- **ACTION ITEM**:
The reply is to contain the full listing, repeated exactly, with pictures left out.

- **SUPPLIED MATERIAL**:
:::

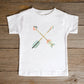 White toddler size t-shirt with teal blue and dusty pink pastel criss-cross boho arrows, one with a heart on the end, matching mommy-and-me Christian Mom "Raising Arrows" Psalm 127:4-5 bible verse t-shirt for boys and girls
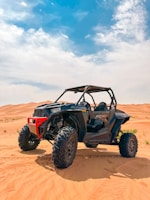 A rugged off-road utility vehicle with large, robust tires is parked on an expansive desert landscape. The red and black vehicle, with a roll cage and high ground clearance, stands prominently against the backdrop of vast sandy dunes under a bright, partly cloudy sky.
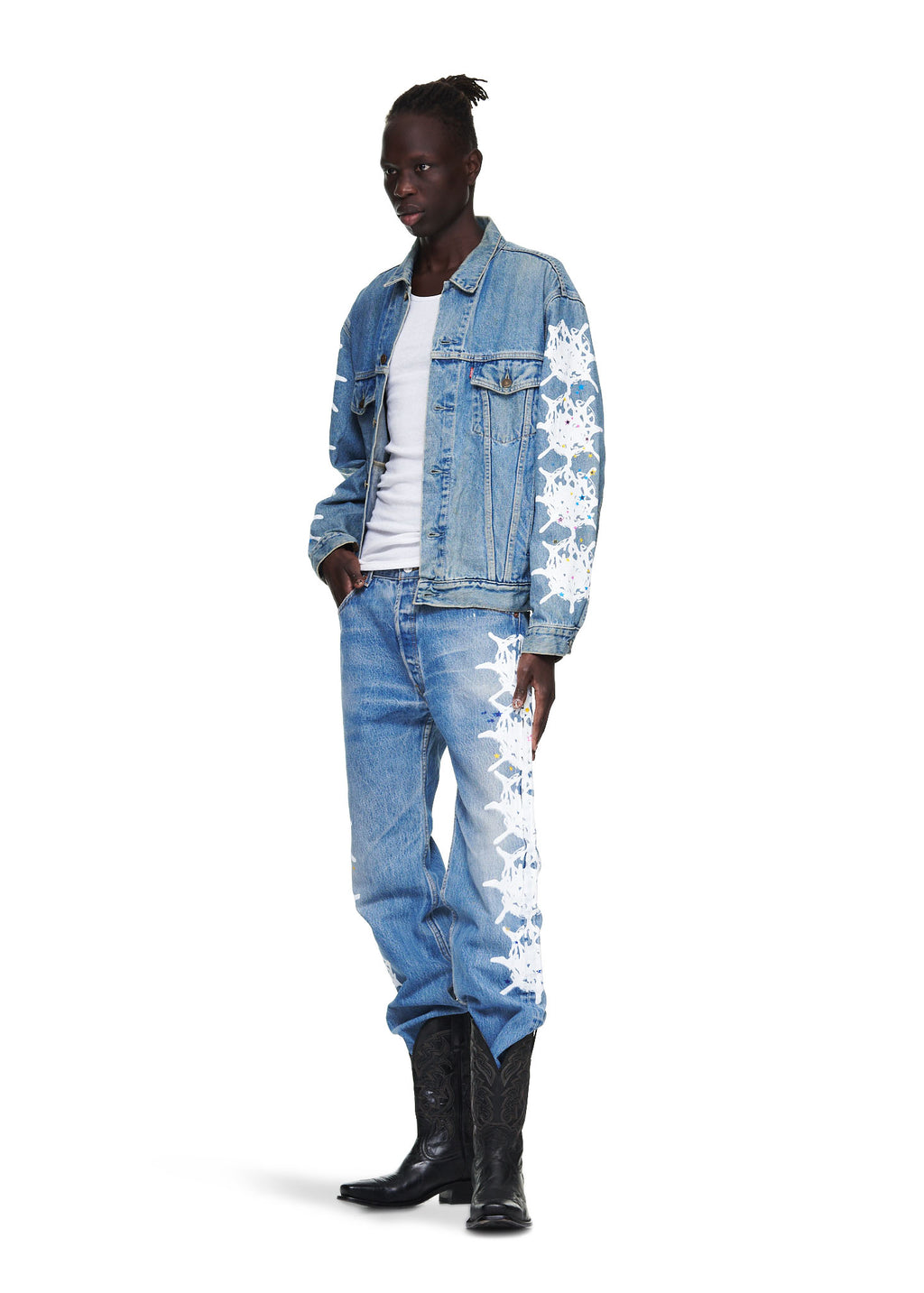 Male model in a vintage Levi's denim trucker jacket with white contrast web on arms, matching jeans, and black cowboy boots.
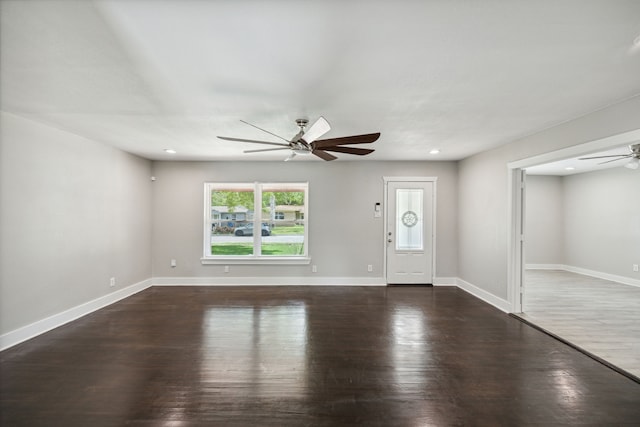 entrance foyer featuring ceiling fan and dark hardwood / wood-style flooring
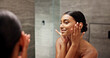 © peopleimages.com - Smile, skincare and mirror with woman in bathroom for beauty, morning routine and cosmetics. Shine, hotel resort and cleaning with reflection of person at home for grooming, spa glow and self care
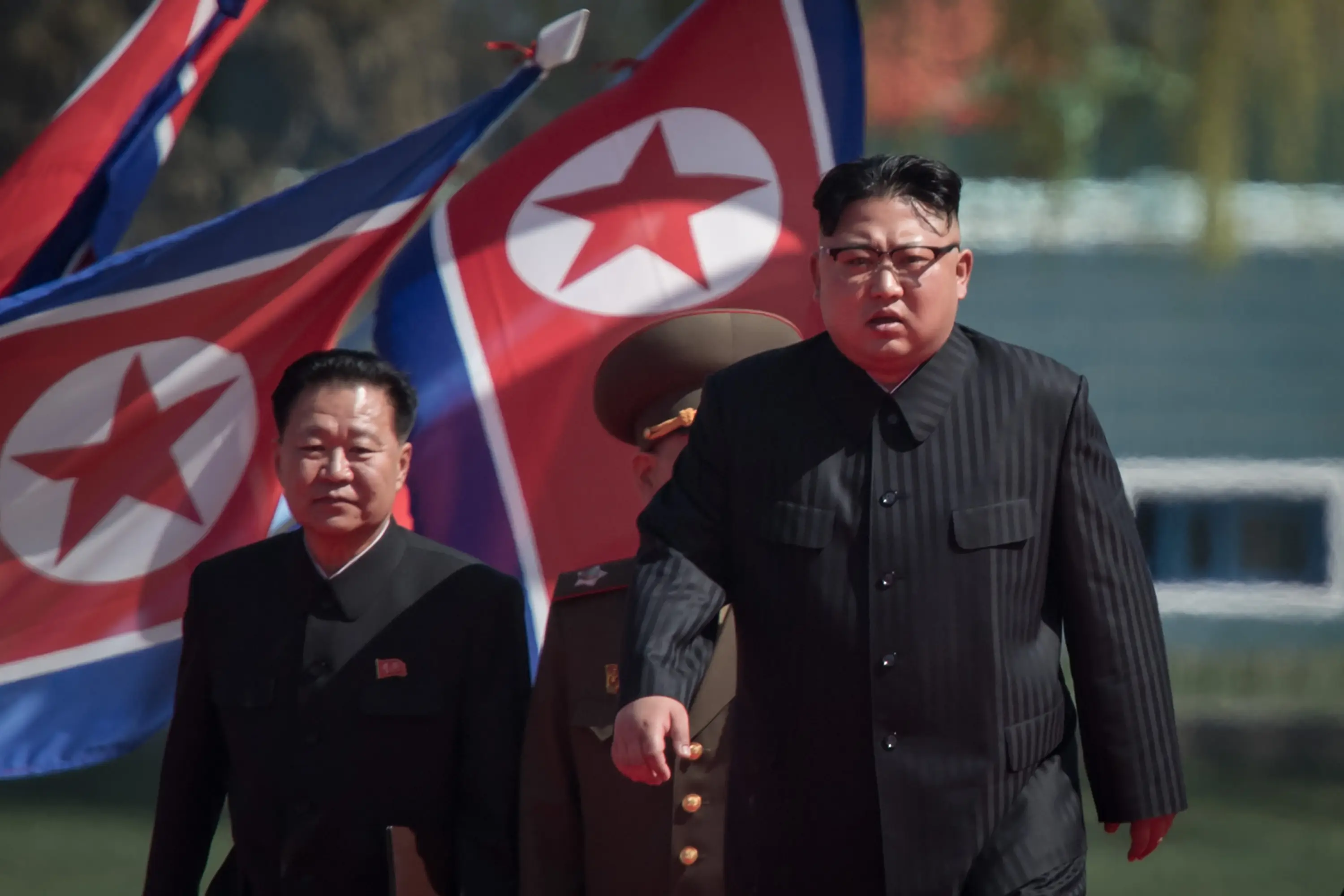 North Korea is run by Kim Jong-Un — pictured right (ED JONES/AFP via Getty Images)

:::

- **RESULT OF THE TASK**:
 White toddler size t-shirt with teal blue and dusty pink pastel criss-cross boho arrows, one with a heart on the end, matching mommy-and-me Christian Mom "Raising Arrows" Psalm 127:4-5 bible verse t-shirt for boys and girls
 A rugged off-road utility vehicle with large, robust tires is parked on an expansive desert landscape. The red and black vehicle, with a roll cage and high ground clearance, stands prominently against the backdrop of vast sandy dunes under a bright, partly cloudy sky.
 Male model in a vintage Levi's denim trucker jacket with white contrast web on arms, matching jeans, and black cowboy boots.
 entrance foyer featuring ceiling fan and dark hardwood / wood-style flooring
 © peopleimages.com - Smile, skincare and mirror with woman in bathroom for beauty, morning routine and cosmetics. Shine, hotel resort and cleaning with reflection of person at home for grooming, spa glow and self care
 North Korea is run by Kim Jong-Un — pictured right (ED JONES/AFP via Getty Images)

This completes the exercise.